Work to be completed –
An exact copy of the lines of the listing below between the "5931 Perth Street Property Photo 6" line and the "Радиатор, охлаждение двигател 58093 NRF" line, both included, is the whole answer; please omit the pictures.

Recorded data –
---+---

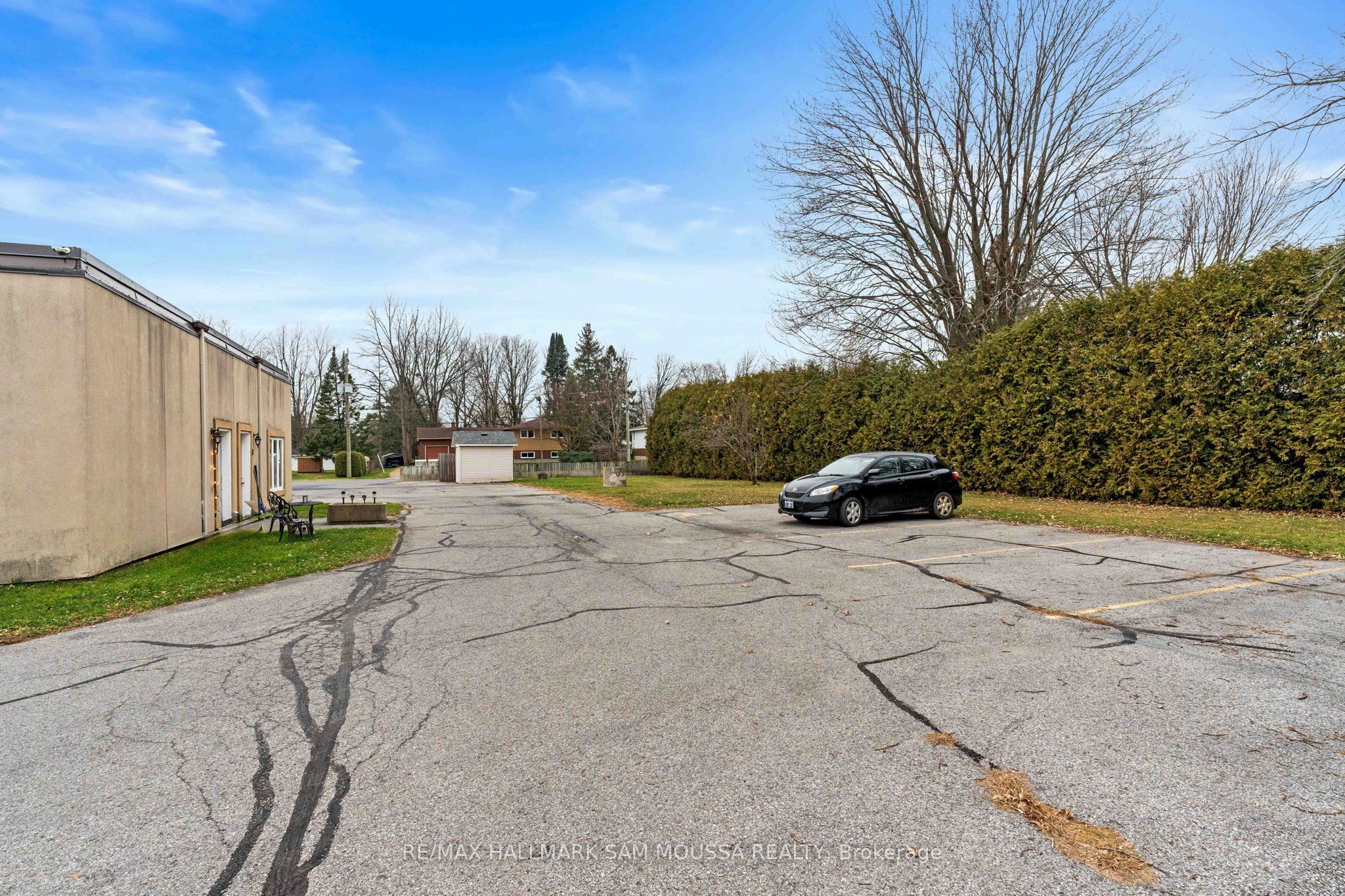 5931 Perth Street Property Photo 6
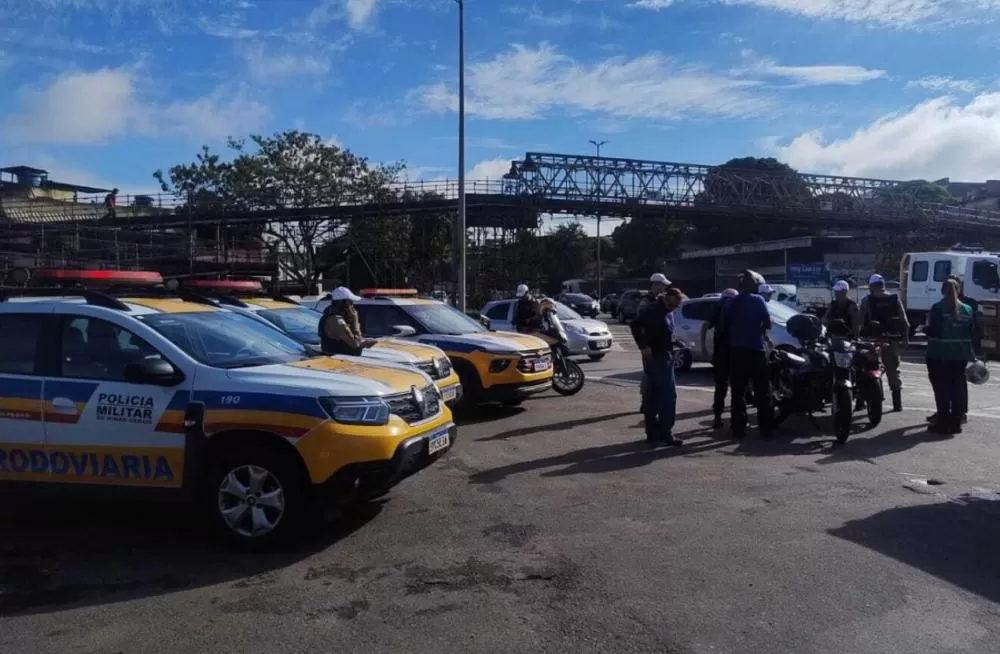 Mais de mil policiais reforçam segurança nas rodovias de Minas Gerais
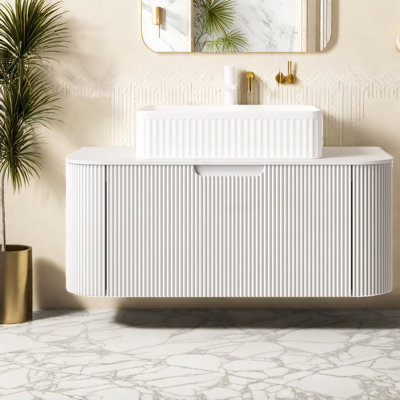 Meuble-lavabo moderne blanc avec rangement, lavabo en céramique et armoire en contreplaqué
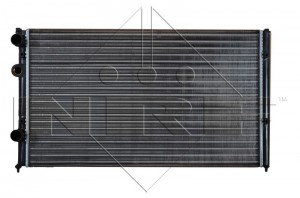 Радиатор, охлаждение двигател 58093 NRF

---+---

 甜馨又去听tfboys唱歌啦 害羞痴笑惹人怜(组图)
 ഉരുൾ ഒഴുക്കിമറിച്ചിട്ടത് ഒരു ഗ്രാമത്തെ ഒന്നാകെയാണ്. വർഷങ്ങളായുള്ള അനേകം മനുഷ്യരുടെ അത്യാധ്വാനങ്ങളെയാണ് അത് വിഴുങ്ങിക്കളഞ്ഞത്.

---+---

Exercise answer –
 5931 Perth Street Property Photo 6
 Mais de mil policiais reforçam segurança nas rodovias de Minas Gerais
 Meuble-lavabo moderne blanc avec rangement, lavabo en céramique et armoire en contreplaqué
 Радиатор, охлаждение двигател 58093 NRF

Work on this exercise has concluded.